Robo-copping, short-circuiting case file #62: Chappie
My World Of Flops is Nathan Rabin’s survey of books, television shows, musical releases, or other forms of entertainment that were financial flops, critical failures, or lack a substantial cult following.
The 2009 surprise hit District 9 established South African writer-director Neill Blomkamp as a quintessential science-fiction filmmaker of ideas. Those ideas weren’t necessarily dazzling in their originality. District 9 wasn’t subtle about the way it employed the largely class-based conflict between recent alien arrivals and human beings who treat their new neighbors with shocking callousness to comment on the cruelty and dehumanizing aspects of South Africa’s apartheid past.
Blomkamp’s film seemingly came out of nowhere to become a huge international blockbuster. It was even a long-shot nominee for Best Picture, albeit one with only a slightly better chance of winning than movies that weren’t nominated. Blomkamp’s follow-up, 2013’s Elysium, cemented his reputation as a filmmaker as enraptured by provocative ideas and social commentary as he is by spectacle and action. The movie also suggested that Blomkamp had an unfortunate tendency to let the magnitude of his ideas outstrip his ability to realize them. To put things in George Lucas terms, he went from creating Han Solo and the gang to unleashing Jar Jar Binks upon the world in record time. And Blomkamp’s Jar Jar Binks is a similarly silly-talking man-child of the robotic persuasion, who goes by the name of Chappie.

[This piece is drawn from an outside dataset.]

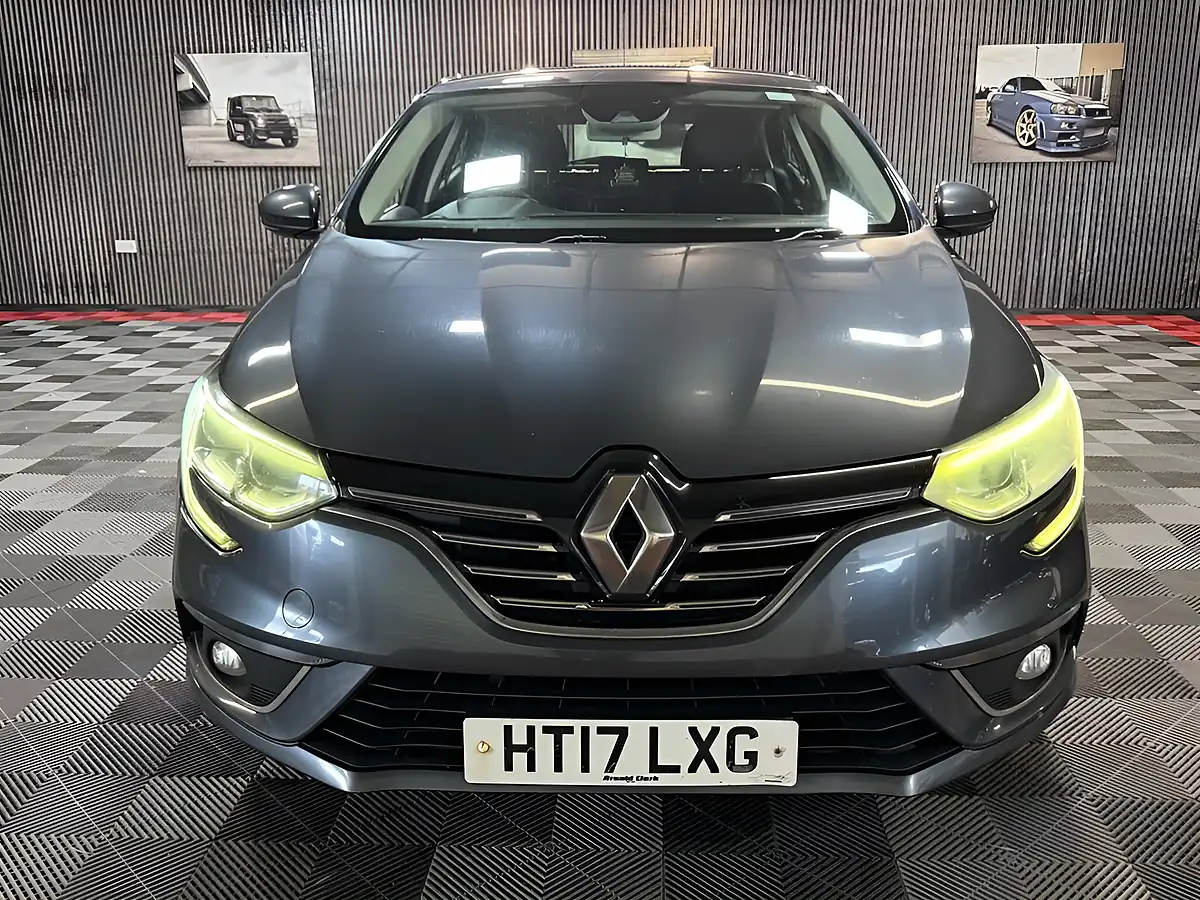 Used 2017 Renault Megane Dynamique Nav Grey - Interior and Exterior details 3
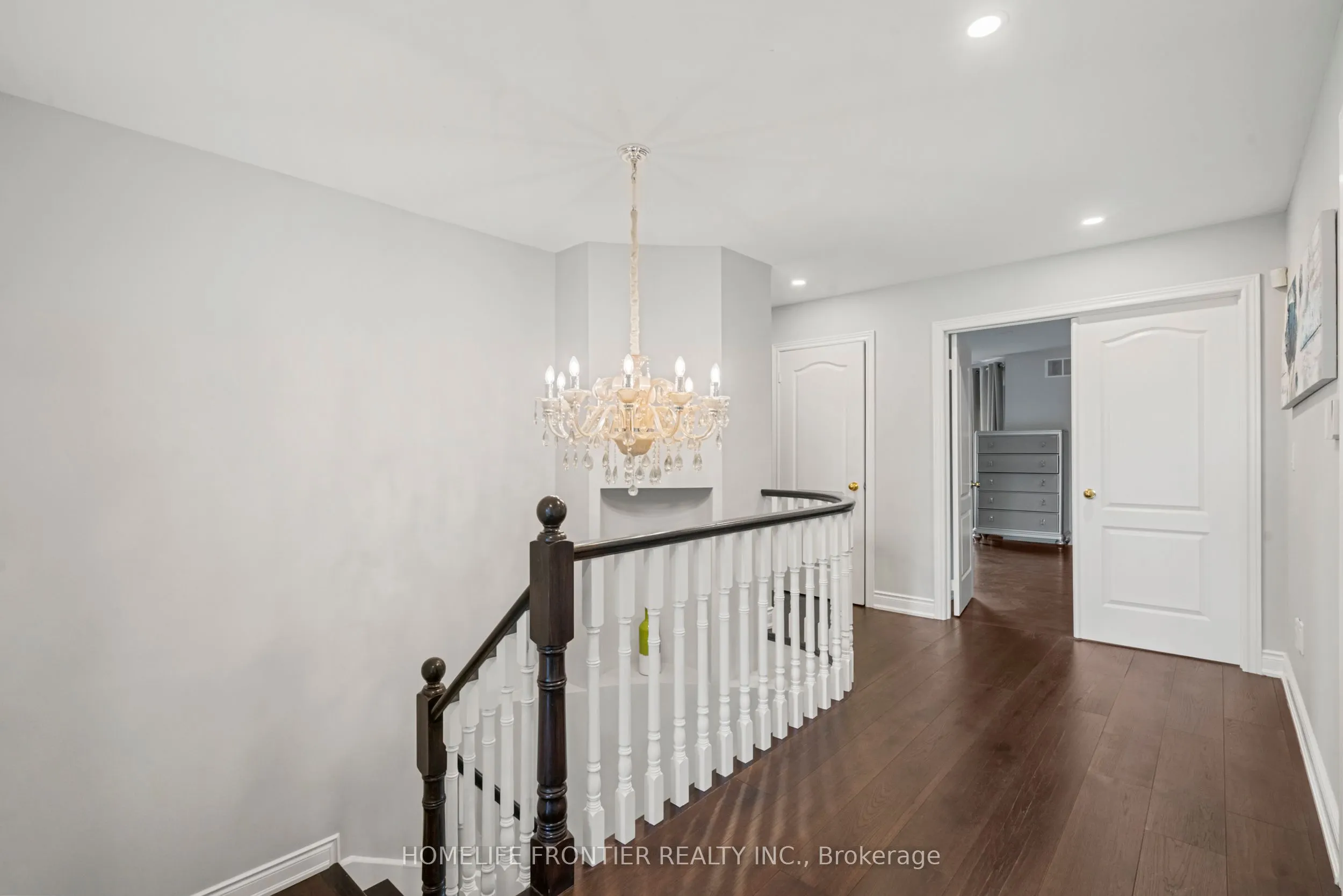 7 Edenbrook Crescent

If Elysium made a lot of folks feel a little iffy about Blomkamp as a filmmaker, then last year’s Chappie made them wonder if they’d been egregiously wrong about him all along. It’s a film so off that it calls the filmmaker’s entire oeuvre into question, a movie so dodgy it caused me to retroactively like District 9 less. Chappie broadcast its egregious awfulness for months before its release. It was the subject of feverish anticipation by bad-movie lovers wondering if it could possibly be as terrible and misguided as it appeared.
Everything about the movie promised a train wreck, from its irritatingly cheerful title; to its bizarre fusion of Short Circuit, Flight Of The Navigator, and RoboCop; to its casting of South African rap duo Die Antwoord members Ninja and Yolandi Visser as desperate criminals in the near future named, respectively, Ninja and Yolandi Visser. Only Blomkamp knows why he decided to make the film’s primary villain, a robotics and weapons designer played by Hugh Jackman, look like an unusually hirsute session musician for early ’80s yacht rock bands. On a follicular level alone, Chappie is a goddamned mess. I haven’t seen such squalor or so many inconceivably awful, semi-mullet hairstyles since my last visit to The Gathering Of The Juggalos.
Considering how lazily derivative our culture has become, it takes an awful lot to get called out for being unoriginal. The culture-wide eye-roll that greeted a movie about a sentient robot with an irresistible child-like spirit was likely rooted in the shamelessness and incompetence of the stealing. If Blomkamp was going to make a movie about robot cops, why not just call it RoboCop? Maybe because RoboCop was remade the year before, although you could certainly be forgiven for forgetting the new RoboCop exists. Everyone else has.
Chappie opens, bewilderingly enough, with a pair of talking heads discussing the film’s controversial robot technology as if in a documentary or mockumentary. Then Anderson Cooper appears as himself and delivers the following avalanche of exposition:
Johannesburg, South Africa became the focus of the world in 2016 with the deployment of the planet’s first all-robotic police units. Crime levels plummeted and [weapons contractor] Tetra Vaal’s stock skyrocketed. The biggest fear the population expressed was vulnerability to hacking. Tetra Vaal assures this is not something to worry about, with their bulletproof guard key system, a system that allows them, and only them, to update software on the robots.
Before the success of the ubiquitous human-sized police robots, there was a bigger bad boy on the block: The Moose. Vincent Moore [Hugh Jackman] is a weapon designer and a former soldier. He has a fundamental spiritual issue with artificial intelligence. The Hyper-Van’s Neural transmitter converts the human operator’s thoughts into the robot’s actions, a departure from the artificial intelligence that governs the scouts. Now, with interest coming from the U.S., China, and North Korea, the scout’s creator, Deon Wilson, sees a rich future.